Rory Stewart (Penrith and The Border) (Con) rose—
James Brokenshire: I am conscious of the need to focus on the debate this afternoon, which is clearly about the increases in the penalties, but I give way to my hon. Friend.
Rory Stewart: I simply want to reinforce the huge support for the decision to continue to focus on our moral obligation in relation to asylum. I congratulate the Government on what they have done so far for Syrian refugees and to encourage us to keep those two issues as separate as we can.
James Brokenshire: I am grateful to my hon. Friend. He will know that, in the context of our duties to ensure that we uphold rights in relation to employees—which is where this measure comes directly into play—this is part of our overall system. He underlines the moral obligations that we have as a Government and that we all have as parliamentarians. I am proud that the Government have introduced the vulnerable persons relocation scheme for the most vulnerable Syrians to come to this country. We are working to see that the first families arrive by the end of this month. That is an important commitment to state.
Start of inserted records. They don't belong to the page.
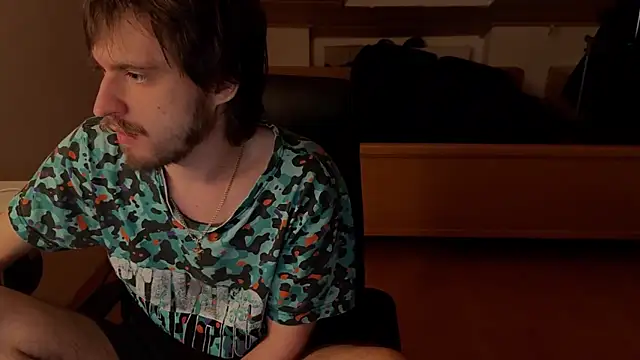 Snapshot of Bez3ybik chatting on 24, 2, 2026 Bez3ybik online show from 24, 2, 2026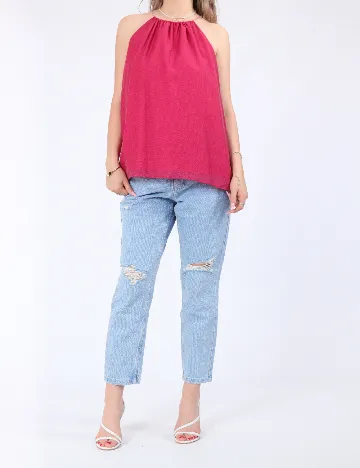 Maiou Vero Moda, roz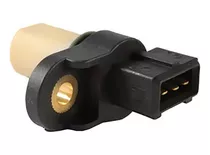 Sensor Rotacion Eje Leva Para Hyundai Getz 1.6 2002/2011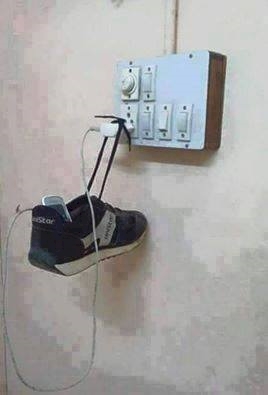 11 telefon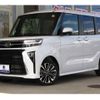 daihatsu tanto 2025 CFJ1789119 image 1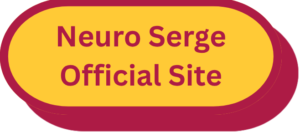 Neuro Serge Review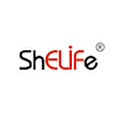 Shelife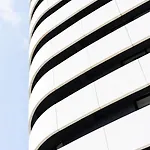 Apartman Park Heights By The Warren Collection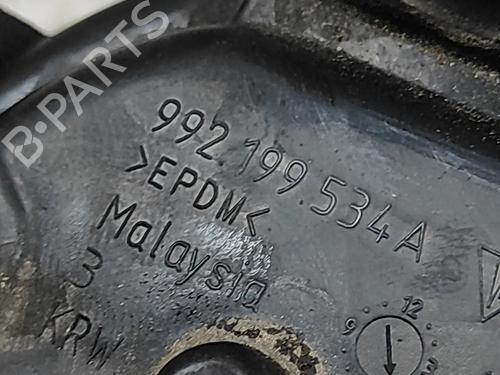 Engine mount PORSCHE 911 (992) 3.0 Carrera 4 S (992420) | BP30574973M89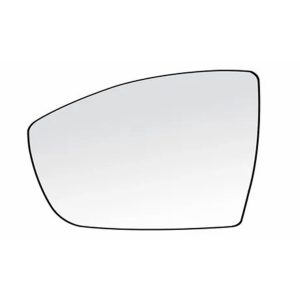 REFIL RETROVISOR COM BASE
To return to the specifics, I welcome the support that I think we have across the Committee for the order. It is about stepping up enforcement against illegal working. It is part of a range of measures that are practical, as well as legal, that we are putting in place. I welcome that support and look forward to seeing these new powers implemented so that we can get on with the job, ensuring that lawful employment is supported, but also stepping up our response to illegal employment, so that those employers who meet their responsibilities are recognised and enforcement action is taken against those who do not.
That the Committee has considered the draft Immigration (Employment of Adults Subject to Immigration Control) (Maximum Penalty) (Amendment) Order 2014.